The following procedure is established by repeated experimentation to make a protein enriched transparent gelatin shape food. Raw materials are obtained from the tendon of a cow and pettitoe of cow. All the other materials used are food grade. The entire procedure is focused on making the product transparent. The method is comprised of 12 steps.

FIG. 1 is a schematic drawing of the procedure for manufacturing a gelatin shaped collagen food made with tendon, pettitoe of cow and collagen powder according to current application.

First step is to boil tendons from a cow in 100° C. water for 90 minutes. The tendons are not cut into small pieces to preserve the cell structure.

Second step is to quench the tendon with cold water at 15° C. It makes the meat easily separated from the tendon.

Third step is to rip off meats from the tendons.

After all the meat is removed, the tendons are sliced into a ribbon shape with 5 mm thickness, 1 cm width and 10 cm length in step 4. It is to increase the surface area of the tendon for the next step.

While steps 1 to 4 are proceeding; boil cow's pettitoe in water for one hour in step 5 to make it easy to rip off the skin therefrom and to remove fat too.

In the sixth step, rip off the skin of the cow pettitoe and remove fat by hand.

The seventh step is to boil the cow's pettitoe again in water for 30 minutes. Then the fat that is remaining in the hot water is discarded to remove residual fat because fat and small chips of skin from the pettitoe cloud the final gelatin product. This is not desirable for final product.

In the eighth step, the sliced tendons and ripped off pettitoe are mixed in water in 1:1:4 volume ratios. 1 tea spoon of caramel drop is added per 2.25 Kg (5 lbs) of the mixture. The caramel makes the final product with a thin brown color. Add gelatin powders up to 2.25 Kg per 2.25 Kg of the mixture and add 1 tea spoon of apple cider to 2.25 Kg of the mixture. Mixture without gelatin powder also make the desired final gelatin shape collagen food product. Any kind of desired additives can be added in this step. For example, sliced red pepper, green onion, steamed walnut, fruits, etc. can be added.

The ninth step is boiling down to make a gelatin product. Heat the mixtures prepared in the eighth step slowly for 3 hours. Vigorous boiling is avoided to prevent air bubble trapped therein. Temperatures between 75° C. to 98° C. are preferred. After 3 hours, the mixture starts to gel-late.

In tenth step, put the gel-lating mixture in a mold and quench as soon as possible. In this quenching step, water comes out of the gelatin structure.

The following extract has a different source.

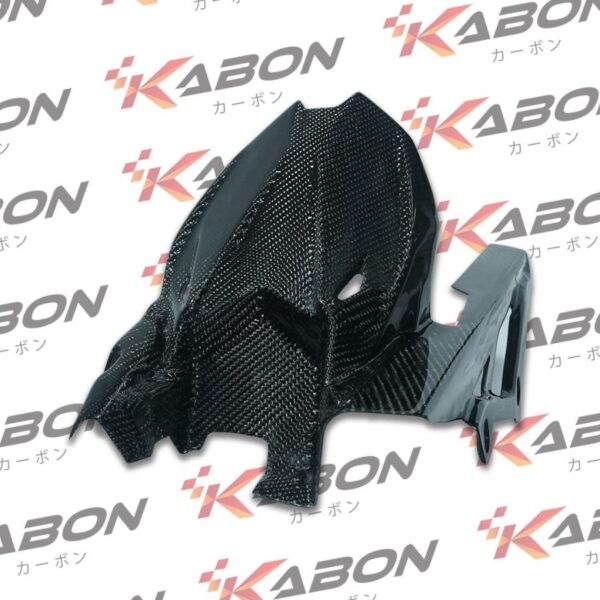 Kabon Rear Hugger Carbon - Kawasaki ZX25R | ZX4R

In eleventh step, dry out the gelatin structure by blowing air at room temperature for four hours to drive out all the moisture trapped therein to make the gelatin structure become a transparent and resilient gel. FIG. 2 is a photograph of molded gelatin shape collagen food made with tendon, pettitoe of cow and collagen powder according to the current application. The molded product is transparent and has a light brown color.

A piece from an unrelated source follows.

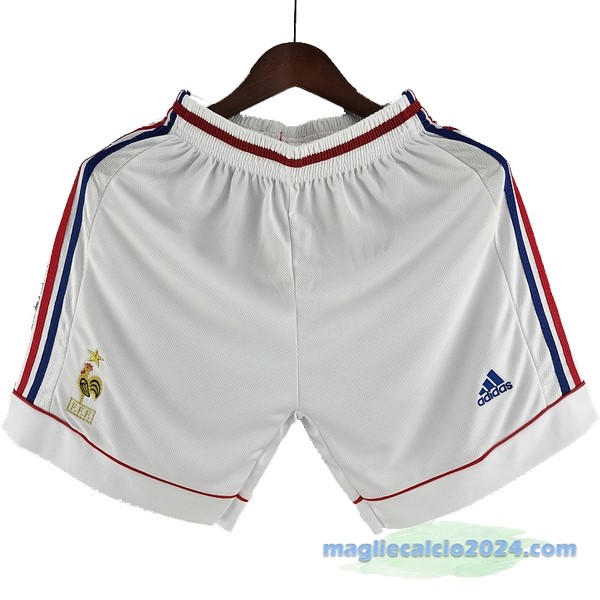 Prima Pantaloni Francia Retro 1998 Bianco Poco Prezzo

Twelfth's step is to cut them into desired size. FIG. 3 is a photograph of the sliced gelatin shape collagen food made with tendon, pettitoe of cow and collagen powder according to current application. The final product looks a slight brown transparent gel. Product shown in lower part of FIG. 3 is to emphasize the color of the final gelatin shape collagen food product.

The final gelatin shape collagen food product is chewy and the mouth feeling is familiar to kids and friendly for elderly person whose teeth are not healthy. Therefore, elderly can person easily compensate for proteins without severe effort to bite or chew meat.